Tomato Zucchini Pasta Easy (Print Version)

# Ingredients:

→ For the Pasta

01 - 12 oz pasta (spaghetti, penne, or fusilli)
02 - 2 tablespoons olive oil
03 - 2 medium zucchinis, sliced into half-moons
04 - 1 1/2 cups cherry tomatoes, halved
05 - 3 cloves garlic, minced
06 - 1/2 teaspoon salt
07 - 1/4 teaspoon black pepper
08 - 1/2 teaspoon red pepper flakes (optional)
09 - 1 teaspoon Italian seasoning
10 - 1/4 cup grated Parmesan cheese, plus extra for serving
11 - 1/4 cup fresh basil, chopped
12 - 1/2 cup reserved pasta water (if needed)

# Instructions:

01 - Bring a large pot of salted water to a boil. Add pasta and cook according to package instructions until al dente. Reserve 1/2 cup of pasta water, then drain and set pasta aside.
02 - While pasta is cooking, heat olive oil in a large skillet over medium heat. Add zucchini slices and cook for 3–4 minutes until tender but still crisp. Add minced garlic and sauté for 1 minute until fragrant. Add cherry tomatoes and cook for 2–3 minutes until they soften.
03 - Add cooked pasta to the skillet with zucchini and tomatoes.

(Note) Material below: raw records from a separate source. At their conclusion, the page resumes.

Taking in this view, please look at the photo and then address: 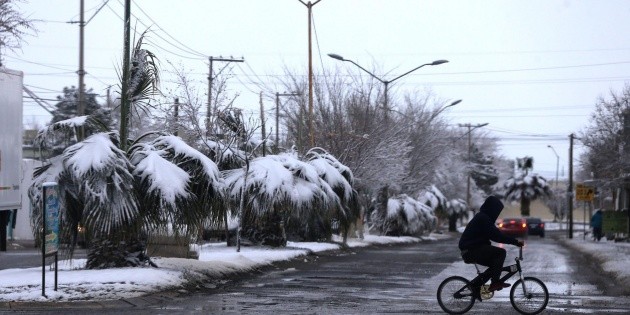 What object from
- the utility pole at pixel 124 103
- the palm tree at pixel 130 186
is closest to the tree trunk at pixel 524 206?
the palm tree at pixel 130 186

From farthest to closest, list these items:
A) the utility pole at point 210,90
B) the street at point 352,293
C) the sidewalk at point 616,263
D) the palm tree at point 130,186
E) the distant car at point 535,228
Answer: the distant car at point 535,228
the utility pole at point 210,90
the sidewalk at point 616,263
the palm tree at point 130,186
the street at point 352,293

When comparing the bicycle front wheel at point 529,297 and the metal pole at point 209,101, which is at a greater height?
the metal pole at point 209,101

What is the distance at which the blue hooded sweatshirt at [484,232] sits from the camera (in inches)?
591

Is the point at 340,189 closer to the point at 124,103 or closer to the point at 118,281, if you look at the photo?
the point at 124,103

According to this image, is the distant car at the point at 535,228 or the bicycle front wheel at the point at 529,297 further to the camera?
the distant car at the point at 535,228

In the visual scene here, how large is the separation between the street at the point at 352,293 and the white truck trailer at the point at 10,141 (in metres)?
4.86

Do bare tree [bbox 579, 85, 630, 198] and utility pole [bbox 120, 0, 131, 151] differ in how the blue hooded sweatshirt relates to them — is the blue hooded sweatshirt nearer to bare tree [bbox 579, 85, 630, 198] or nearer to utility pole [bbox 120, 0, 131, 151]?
utility pole [bbox 120, 0, 131, 151]

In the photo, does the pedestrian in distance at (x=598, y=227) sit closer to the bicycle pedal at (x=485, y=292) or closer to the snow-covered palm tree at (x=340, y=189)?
the snow-covered palm tree at (x=340, y=189)

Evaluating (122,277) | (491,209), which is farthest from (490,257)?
(122,277)

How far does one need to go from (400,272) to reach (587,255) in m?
13.1

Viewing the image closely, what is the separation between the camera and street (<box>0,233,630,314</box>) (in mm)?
15359

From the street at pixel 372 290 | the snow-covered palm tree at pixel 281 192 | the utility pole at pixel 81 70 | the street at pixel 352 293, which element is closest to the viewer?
the street at pixel 352 293

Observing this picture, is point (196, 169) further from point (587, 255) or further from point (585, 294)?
point (587, 255)

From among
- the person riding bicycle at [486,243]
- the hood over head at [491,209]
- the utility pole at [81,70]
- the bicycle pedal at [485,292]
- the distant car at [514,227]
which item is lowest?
the bicycle pedal at [485,292] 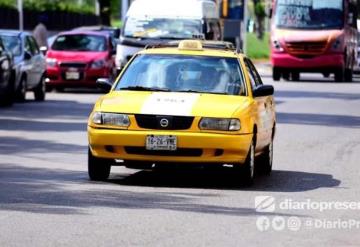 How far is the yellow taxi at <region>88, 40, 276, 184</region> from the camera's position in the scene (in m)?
14.2

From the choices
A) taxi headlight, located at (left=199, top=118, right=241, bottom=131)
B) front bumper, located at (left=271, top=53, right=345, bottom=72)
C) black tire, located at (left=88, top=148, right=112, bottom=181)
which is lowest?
front bumper, located at (left=271, top=53, right=345, bottom=72)

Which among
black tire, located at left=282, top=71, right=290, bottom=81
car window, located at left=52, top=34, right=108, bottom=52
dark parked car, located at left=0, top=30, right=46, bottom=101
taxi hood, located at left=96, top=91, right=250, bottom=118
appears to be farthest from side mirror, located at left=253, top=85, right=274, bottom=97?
black tire, located at left=282, top=71, right=290, bottom=81

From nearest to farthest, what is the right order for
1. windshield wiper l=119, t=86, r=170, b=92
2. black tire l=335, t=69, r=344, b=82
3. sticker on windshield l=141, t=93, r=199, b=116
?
sticker on windshield l=141, t=93, r=199, b=116
windshield wiper l=119, t=86, r=170, b=92
black tire l=335, t=69, r=344, b=82

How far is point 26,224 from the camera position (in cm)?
1114

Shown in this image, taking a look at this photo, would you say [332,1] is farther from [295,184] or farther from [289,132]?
[295,184]

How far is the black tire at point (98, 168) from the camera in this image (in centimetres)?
1449

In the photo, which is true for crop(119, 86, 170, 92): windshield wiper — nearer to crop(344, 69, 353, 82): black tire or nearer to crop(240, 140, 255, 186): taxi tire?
crop(240, 140, 255, 186): taxi tire

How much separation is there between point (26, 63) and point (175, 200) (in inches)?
695

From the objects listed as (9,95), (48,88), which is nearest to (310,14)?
(48,88)

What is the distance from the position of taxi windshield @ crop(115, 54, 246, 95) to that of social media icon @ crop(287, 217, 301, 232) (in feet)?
11.6

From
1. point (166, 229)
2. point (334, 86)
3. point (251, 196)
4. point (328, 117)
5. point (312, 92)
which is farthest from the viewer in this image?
point (334, 86)

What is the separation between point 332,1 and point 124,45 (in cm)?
1169

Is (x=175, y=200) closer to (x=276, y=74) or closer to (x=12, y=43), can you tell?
(x=12, y=43)

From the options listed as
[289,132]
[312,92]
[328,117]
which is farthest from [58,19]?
[289,132] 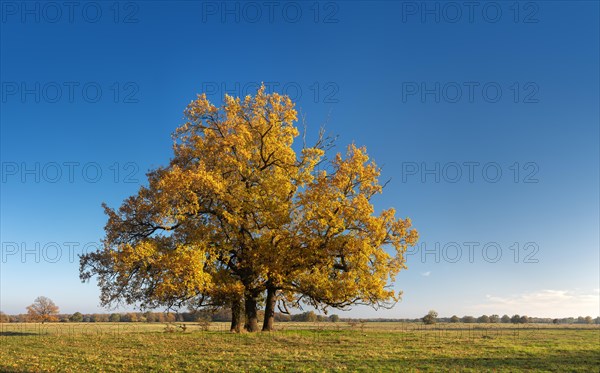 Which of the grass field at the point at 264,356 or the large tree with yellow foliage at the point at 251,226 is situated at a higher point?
the large tree with yellow foliage at the point at 251,226

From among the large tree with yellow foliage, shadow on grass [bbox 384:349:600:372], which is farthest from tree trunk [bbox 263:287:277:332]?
shadow on grass [bbox 384:349:600:372]

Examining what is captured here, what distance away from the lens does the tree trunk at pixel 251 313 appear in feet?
116

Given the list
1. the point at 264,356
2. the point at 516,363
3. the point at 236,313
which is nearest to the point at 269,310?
the point at 236,313

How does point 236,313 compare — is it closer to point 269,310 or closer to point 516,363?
point 269,310

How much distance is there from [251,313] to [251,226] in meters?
6.58

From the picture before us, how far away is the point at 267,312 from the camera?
118 ft

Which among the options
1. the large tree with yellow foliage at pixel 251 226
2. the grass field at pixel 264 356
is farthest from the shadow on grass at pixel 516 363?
the large tree with yellow foliage at pixel 251 226

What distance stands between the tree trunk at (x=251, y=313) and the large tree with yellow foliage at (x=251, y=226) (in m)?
0.07

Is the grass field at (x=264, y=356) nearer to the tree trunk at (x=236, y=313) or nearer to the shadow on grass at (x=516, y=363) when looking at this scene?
the shadow on grass at (x=516, y=363)

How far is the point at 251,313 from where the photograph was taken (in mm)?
35594

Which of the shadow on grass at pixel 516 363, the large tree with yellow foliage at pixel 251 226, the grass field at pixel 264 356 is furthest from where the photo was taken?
the large tree with yellow foliage at pixel 251 226

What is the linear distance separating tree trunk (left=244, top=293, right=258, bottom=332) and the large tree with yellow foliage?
0.07m

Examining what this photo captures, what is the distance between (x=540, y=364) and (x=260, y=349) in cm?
1240

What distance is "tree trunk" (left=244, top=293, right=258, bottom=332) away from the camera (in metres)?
35.2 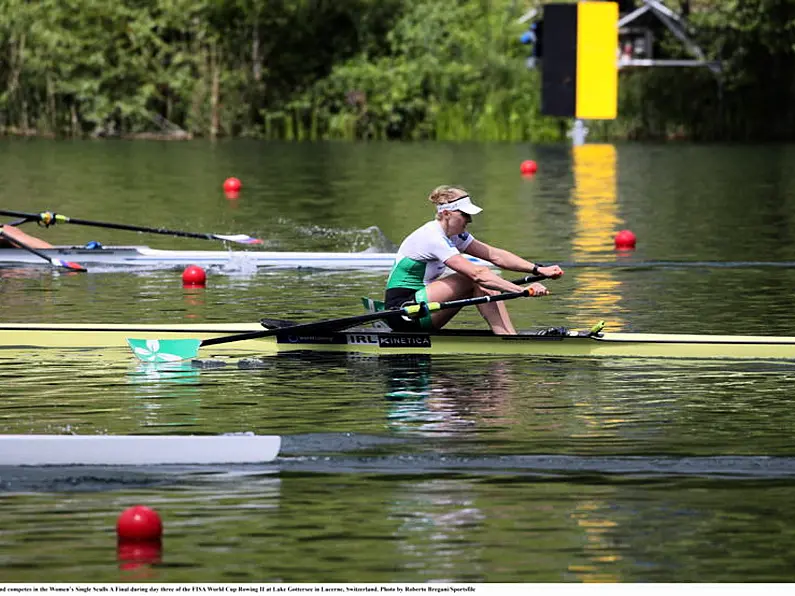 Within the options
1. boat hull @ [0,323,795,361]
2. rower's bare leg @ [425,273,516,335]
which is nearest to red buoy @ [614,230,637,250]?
boat hull @ [0,323,795,361]

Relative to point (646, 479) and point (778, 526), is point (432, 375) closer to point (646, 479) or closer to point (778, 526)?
point (646, 479)

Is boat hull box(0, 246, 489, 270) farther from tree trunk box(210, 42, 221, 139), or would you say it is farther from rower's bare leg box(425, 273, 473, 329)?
tree trunk box(210, 42, 221, 139)

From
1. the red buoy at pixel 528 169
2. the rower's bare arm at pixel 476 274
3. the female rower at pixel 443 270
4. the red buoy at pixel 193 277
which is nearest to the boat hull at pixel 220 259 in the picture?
the red buoy at pixel 193 277

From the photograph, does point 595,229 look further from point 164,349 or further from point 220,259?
point 164,349

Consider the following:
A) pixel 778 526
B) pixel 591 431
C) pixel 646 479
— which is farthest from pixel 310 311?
pixel 778 526

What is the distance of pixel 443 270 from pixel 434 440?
2.90m

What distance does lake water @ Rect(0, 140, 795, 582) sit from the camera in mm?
7383

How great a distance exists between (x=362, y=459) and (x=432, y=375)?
102 inches

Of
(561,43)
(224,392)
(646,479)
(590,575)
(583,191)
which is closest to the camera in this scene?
(590,575)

Sprinkle in salt, black pepper, red pepper flakes (if using), and Italian seasoning. Toss to combine, adding reserved pasta water as needed to help coat the pasta.
04 - Stir in grated Parmesan cheese and chopped basil, tossing until pasta is evenly coated and cheese melts. Divide onto plates and top with extra Parmesan and fresh basil if desired. Serve immediately.

# Notes:

01 - Extra vegetables such as bell peppers or mushrooms can be added for added texture and flavor.
02 - For a richer sauce, incorporate a splash of cream or a pat of butter along with the Parmesan cheese.
03 - To make the dish gluten-free, substitute gluten-free pasta.